「零戦でもっとも戦った搭乗員」が戦後、自分の生活を犠牲にしてでも続けた「慰霊行脚」
私が6月25日に上梓した『決定版 零戦最後の証言2』は、4月に刊行した『決定版 零戦最後の証言1』と同様、私が直接インタビューを重ねた元零戦搭乗員たちが、戦争をいかに戦い、激動の戦後をいかに生きてきたかを、戦中、戦後の写真とともに解き明かしたものである。登場人物は各巻8名で、『2』は進藤三郎、日高盛康、羽切松雄、角田和男、原田要、小町定、大原亮治、山田良市の各氏。8月末には『決定版 零戦最後の証言3』が出て、それで完結する予定だ。

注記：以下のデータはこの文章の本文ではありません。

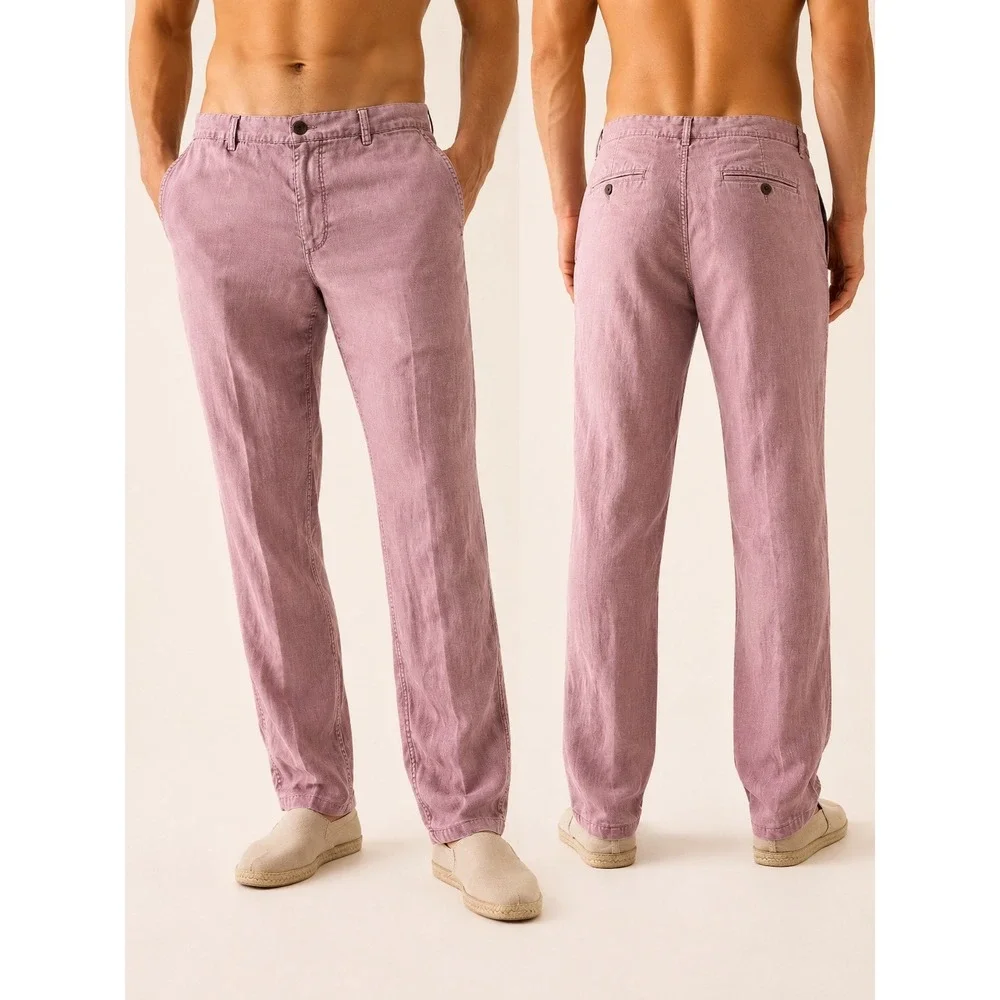 Black Brown 1826 Pink Linen Pants 34x30 Tailored Fit Coastal Resort Summer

今回は『決定版 零戦最後の証言2』より、ある歴戦の零戦搭乗員の戦後の慰霊行脚について加筆の上、ご紹介する。 【写真】敵艦に突入する零戦を捉えた超貴重な1枚…!
零戦で誰よりも戦った男
角田和男(つのだ・かずお。1918-2013)は、昭和9(1934)年。予科練5期生として海軍に入隊した。海軍兵学校卒のエリートとは違い、兵から叩き上げた特務士官の戦闘機乗りである。最終階級は中尉。 その実戦経験は、支那事変にはじまってラバウル・ソロモン・ニューギニア方面から硫黄島、フィリピン、さらに沖縄沖航空戦にまでおよぶ。昭和19(1944)年10月からのフィリピン戦以降は特攻隊員に組み入れられ、爆装特攻機を護衛し突入を見届ける直掩機として、辛く非情な出撃を重ねた。 温厚篤実な人柄ながら、その実戦経験から、「零戦でもっとも戦った搭乗員」として、生き残り搭乗員の誰からも一目置かれる存在だった。『大空のサムライ』などの著書で著名な元零戦搭乗員・坂井三郎はめったに人を褒めない人だったが、角田に関しては私のインタビューに、「角田さんほど戦った搭乗員はほかにいないんじゃないか」と語ったほどである。 角田がかつての仲間から一目置かれたのは、戦場での獅子奮迅の働きぶりはもちろんだが、戦後、自分の生活を犠牲にしてまで、関係した部隊の177名におよぶ戦没者たちの遺族と墓を探しては訪ね、さらにかつての戦場にまで慰霊巡拝の旅を続けたことも大きいと思われる。 角田和男の1日は、2013年に亡くなる直前まで、机の上に戦死した戦友の遺影を1頁に1枚ずつ貼った蛇腹折りのアルバムを広げ、般若心経を唱えることから始まった。 脳梗塞を患い、体の自由が利かない角田にとって、ベッドから起き出すことは容易ではない。目覚めるのは朝といっても遅い時間で、そのまま布団のなかで手足の指から順に体を動かしウォーミングアップをして、やっと床を離れる頃には時計の針は正午近くを指している。